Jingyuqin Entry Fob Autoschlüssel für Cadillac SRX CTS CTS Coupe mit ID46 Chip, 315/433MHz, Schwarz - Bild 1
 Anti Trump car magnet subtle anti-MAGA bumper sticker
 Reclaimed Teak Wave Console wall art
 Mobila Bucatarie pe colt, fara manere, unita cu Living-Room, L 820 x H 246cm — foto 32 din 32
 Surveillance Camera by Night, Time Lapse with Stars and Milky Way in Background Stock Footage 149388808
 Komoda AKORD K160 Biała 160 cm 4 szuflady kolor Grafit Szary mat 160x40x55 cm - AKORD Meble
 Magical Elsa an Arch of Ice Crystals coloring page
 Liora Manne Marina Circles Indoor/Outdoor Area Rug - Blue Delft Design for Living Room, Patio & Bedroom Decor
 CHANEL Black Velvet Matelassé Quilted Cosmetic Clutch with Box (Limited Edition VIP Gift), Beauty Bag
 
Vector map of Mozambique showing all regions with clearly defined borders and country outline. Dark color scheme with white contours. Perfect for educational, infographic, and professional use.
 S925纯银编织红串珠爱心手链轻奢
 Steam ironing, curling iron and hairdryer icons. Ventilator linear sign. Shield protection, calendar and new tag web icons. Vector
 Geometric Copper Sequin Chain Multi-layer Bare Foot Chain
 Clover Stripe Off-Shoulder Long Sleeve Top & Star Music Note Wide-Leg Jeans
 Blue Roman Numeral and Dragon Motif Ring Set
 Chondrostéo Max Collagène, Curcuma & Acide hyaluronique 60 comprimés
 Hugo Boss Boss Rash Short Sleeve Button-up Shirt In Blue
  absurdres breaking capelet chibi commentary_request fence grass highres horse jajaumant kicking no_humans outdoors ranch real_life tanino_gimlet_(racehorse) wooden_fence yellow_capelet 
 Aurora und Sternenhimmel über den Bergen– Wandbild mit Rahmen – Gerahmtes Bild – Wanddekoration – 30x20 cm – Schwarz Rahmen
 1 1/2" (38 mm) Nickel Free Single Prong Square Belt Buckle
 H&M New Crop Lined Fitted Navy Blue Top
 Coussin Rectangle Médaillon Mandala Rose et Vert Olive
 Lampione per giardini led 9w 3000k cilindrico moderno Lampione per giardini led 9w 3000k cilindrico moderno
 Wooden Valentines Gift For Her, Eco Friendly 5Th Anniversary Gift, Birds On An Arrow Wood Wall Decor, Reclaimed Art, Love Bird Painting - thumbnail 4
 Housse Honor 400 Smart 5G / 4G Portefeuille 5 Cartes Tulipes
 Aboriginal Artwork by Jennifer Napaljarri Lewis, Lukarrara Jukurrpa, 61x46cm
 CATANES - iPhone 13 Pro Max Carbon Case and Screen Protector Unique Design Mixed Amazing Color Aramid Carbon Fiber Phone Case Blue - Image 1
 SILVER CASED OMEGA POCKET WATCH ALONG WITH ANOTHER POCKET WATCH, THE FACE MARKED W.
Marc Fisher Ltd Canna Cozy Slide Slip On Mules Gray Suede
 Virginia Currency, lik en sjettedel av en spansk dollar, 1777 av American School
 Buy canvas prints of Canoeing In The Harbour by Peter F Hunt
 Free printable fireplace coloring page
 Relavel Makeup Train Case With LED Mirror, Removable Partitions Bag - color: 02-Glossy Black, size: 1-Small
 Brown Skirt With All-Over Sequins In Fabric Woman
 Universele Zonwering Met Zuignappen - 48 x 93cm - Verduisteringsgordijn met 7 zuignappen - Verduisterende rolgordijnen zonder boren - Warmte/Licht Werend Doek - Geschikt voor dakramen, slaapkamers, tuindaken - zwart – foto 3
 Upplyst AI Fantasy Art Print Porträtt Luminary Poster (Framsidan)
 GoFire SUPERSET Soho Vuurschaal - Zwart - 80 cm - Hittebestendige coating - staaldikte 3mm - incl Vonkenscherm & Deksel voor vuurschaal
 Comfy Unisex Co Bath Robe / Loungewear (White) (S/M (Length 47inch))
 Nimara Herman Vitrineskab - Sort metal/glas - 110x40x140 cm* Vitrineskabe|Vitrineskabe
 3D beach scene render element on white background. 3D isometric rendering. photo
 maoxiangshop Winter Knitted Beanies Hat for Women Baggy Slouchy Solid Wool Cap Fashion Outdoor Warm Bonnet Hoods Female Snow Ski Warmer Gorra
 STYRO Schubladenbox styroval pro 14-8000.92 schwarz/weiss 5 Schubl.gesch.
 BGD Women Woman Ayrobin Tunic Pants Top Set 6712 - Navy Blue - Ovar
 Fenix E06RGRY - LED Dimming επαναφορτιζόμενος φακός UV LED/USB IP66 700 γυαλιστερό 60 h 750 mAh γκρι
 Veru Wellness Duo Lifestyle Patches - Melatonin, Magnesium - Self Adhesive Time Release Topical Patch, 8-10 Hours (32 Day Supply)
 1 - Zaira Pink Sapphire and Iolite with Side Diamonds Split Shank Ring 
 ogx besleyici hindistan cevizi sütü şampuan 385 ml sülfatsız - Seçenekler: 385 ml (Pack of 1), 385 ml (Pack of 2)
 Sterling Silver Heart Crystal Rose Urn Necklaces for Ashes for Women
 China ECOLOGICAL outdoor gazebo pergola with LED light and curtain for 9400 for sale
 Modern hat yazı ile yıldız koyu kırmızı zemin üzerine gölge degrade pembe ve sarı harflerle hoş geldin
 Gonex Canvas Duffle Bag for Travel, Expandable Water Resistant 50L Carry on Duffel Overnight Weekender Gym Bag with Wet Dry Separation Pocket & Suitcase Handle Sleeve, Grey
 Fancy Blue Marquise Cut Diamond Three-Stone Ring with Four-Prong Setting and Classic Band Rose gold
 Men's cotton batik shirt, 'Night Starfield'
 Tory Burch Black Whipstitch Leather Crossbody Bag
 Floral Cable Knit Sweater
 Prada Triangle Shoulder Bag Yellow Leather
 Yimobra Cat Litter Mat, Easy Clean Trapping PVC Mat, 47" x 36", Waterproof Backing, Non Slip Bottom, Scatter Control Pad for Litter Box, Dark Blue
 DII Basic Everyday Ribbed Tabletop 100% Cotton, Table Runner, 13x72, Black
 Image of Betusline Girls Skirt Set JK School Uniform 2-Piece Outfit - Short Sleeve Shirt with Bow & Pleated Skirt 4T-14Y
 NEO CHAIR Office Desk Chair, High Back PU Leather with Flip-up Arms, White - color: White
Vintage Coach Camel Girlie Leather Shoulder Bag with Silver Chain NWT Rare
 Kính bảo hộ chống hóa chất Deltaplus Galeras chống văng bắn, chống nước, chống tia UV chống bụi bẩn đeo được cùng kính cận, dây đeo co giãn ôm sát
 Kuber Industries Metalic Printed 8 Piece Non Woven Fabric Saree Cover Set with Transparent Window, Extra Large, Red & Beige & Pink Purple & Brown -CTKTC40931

# # # # #

**PROMPT:** Copy out the range of lines above starting at the line with "CHANEL Black Velvet" and ending at the line with "Clover Stripe Off-Shoulder", exactly and including both.

**OUTPUT OF THE EXERCISE:**
 CHANEL Black Velvet Matelassé Quilted Cosmetic Clutch with Box (Limited Edition VIP Gift), Beauty Bag
 
Vector map of Mozambique showing all regions with clearly defined borders and country outline. Dark color scheme with white contours. Perfect for educational, infographic, and professional use.
 S925纯银编织红串珠爱心手链轻奢
 Steam ironing, curling iron and hairdryer icons. Ventilator linear sign. Shield protection, calendar and new tag web icons. Vector
 Geometric Copper Sequin Chain Multi-layer Bare Foot Chain
 Clover Stripe Off-Shoulder Long Sleeve Top & Star Music Note Wide-Leg Jeans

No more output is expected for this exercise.